In deze zaak heeft het Gerechtshof Arnhem-Leeuwarden op 28 juni 2022 uitspraak gedaan in het hoger beroep van belanghebbende tegen de uitspraak van de rechtbank Midden-Nederland. De zaak betreft de waardevaststelling van een woning onder de Wet waardering onroerende zaken (Wet WOZ). De heffingsambtenaar had de waarde van de onroerende zaak vastgesteld op € 332.000 per waardepeildatum 1 januari 2018, wat leidde tot een aanslag onroerendezaakbelasting voor het jaar 2019. Belanghebbende was het niet eens met deze waardebepaling en stelde een lagere waarde van € 303.000 voor, met als argument dat de woning recentelijk was verkocht voor € 445.000, maar dat deze verkoopprijs te ver van de waardepeildatum lag om als referentie te dienen. Het Hof oordeelde dat de heffingsambtenaar aannemelijk had gemaakt dat de waarde niet te hoog was vastgesteld, en dat de referentieobjecten die door de heffingsambtenaar waren gebruikt, voldoende vergelijkbaar waren met de onroerende zaak. Het Hof verwierp de argumenten van belanghebbende en bevestigde de uitspraak van de rechtbank, waardoor het hoger beroep ongegrond werd verklaard. Er werd geen griffierecht of proceskostenvergoeding toegewezen.

Uitspraak

GERECHTSHOF ARNHEM - LEEUWARDEN

locatie Arnhem
nummer 21/00260
uitspraakdatum: 28 juni 2022
Uitspraak van de achttiende enkelvoudige belastingkamer
op het hoger beroep van
[belanghebbende]te
[woonplaats1](hierna: belanghebbende)
tegen de uitspraak van de rechtbank Midden-Nederland (hierna; de Rechtbank) van 15 januari 2021, nummer UTR 19/5526, in het geding tussen belanghebbende en
de
heffingsambtenaarvan
de Belastingsamenwerking gemeenten & hoogheemraadschap Utrecht(hierna: de heffingsambtenaar)

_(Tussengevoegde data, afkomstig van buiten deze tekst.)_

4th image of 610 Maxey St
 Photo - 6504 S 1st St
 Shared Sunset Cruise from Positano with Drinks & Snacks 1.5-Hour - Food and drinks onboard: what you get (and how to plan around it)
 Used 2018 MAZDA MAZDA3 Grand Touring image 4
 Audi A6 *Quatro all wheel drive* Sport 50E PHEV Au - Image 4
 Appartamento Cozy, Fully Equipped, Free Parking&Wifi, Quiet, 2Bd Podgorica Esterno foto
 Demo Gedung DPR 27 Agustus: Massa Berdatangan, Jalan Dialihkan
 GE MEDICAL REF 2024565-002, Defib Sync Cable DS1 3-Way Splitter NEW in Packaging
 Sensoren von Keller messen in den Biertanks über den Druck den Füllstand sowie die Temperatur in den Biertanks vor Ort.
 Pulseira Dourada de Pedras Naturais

1.Ontstaan en loop van het geding

1.1.
De heffingsambtenaar heeft bij beschikking op grond van de Wet waardering onroerende zaken (hierna: de Wet WOZ) de waarde van de onroerende zaak [adres1] 108 D te [woonplaats1] (hierna: de onroerende zaak), per waardepeildatum 1 januari 2018 en naar de toestand op die datum, voor het jaar 2019 vastgesteld op € 332.000. Tegelijk met deze beschikking is de aanslag onroerendezaakbelasting 2019 (hierna: OZB) voor zover het betreft het eigenaarsgedeelte vastgesteld.
1.2.
Op het bezwaarschrift van belanghebbende heeft de heffingsambtenaar bij uitspraak op bezwaar de beschikking en de aanslag gehandhaafd.
1.3.
Belanghebbende is tegen die uitspraken in beroep gekomen bij de Rechtbank. De Rechtbank heeft het beroep ongegrond verklaard.
1.4.
Belanghebbende heeft tegen de uitspraak van de Rechtbank hoger beroep ingesteld.
1.5.
Het onderzoek ter zitting heeft plaatsgevonden op 24 mei 2022. Daarbij zijn verschenen en gehoord mr. A. Bakker, als de gemachtigde van belanghebbende, alsmede [naam1] namens de heffingsambtenaar, bijgestaan door [de taxateur] , taxateur.

2.Vaststaande feiten

2.1.
De onroerende zaak is een twee-onder-een-kapwoning uit de jaren 30 met een garage van 24 m2 en een berging van 23 m2. Het perceel is 247 m2 en de woning heeft een gebruiksoppervlakte van 117 m2.

3.Geschil

3.1.
In geschil is de waarde van de woning op de waardepeildatum 1 januari 2018.
3.2.
Belanghebbende bepleit een waarde van € 303.000 en concludeert tot vernietiging van de uitspraak van de Rechtbank en de uitspraak op bezwaar en tot vermindering van de bij beschikking vastgestelde waarde en de aanslag OZB 2019.
3.3.
De heffingsambtenaar stelt zich op het standpunt dat de waarde van € 332.000 niet te hoog is vastgesteld en concludeert tot bevestiging van de uitspraak van de Rechtbank.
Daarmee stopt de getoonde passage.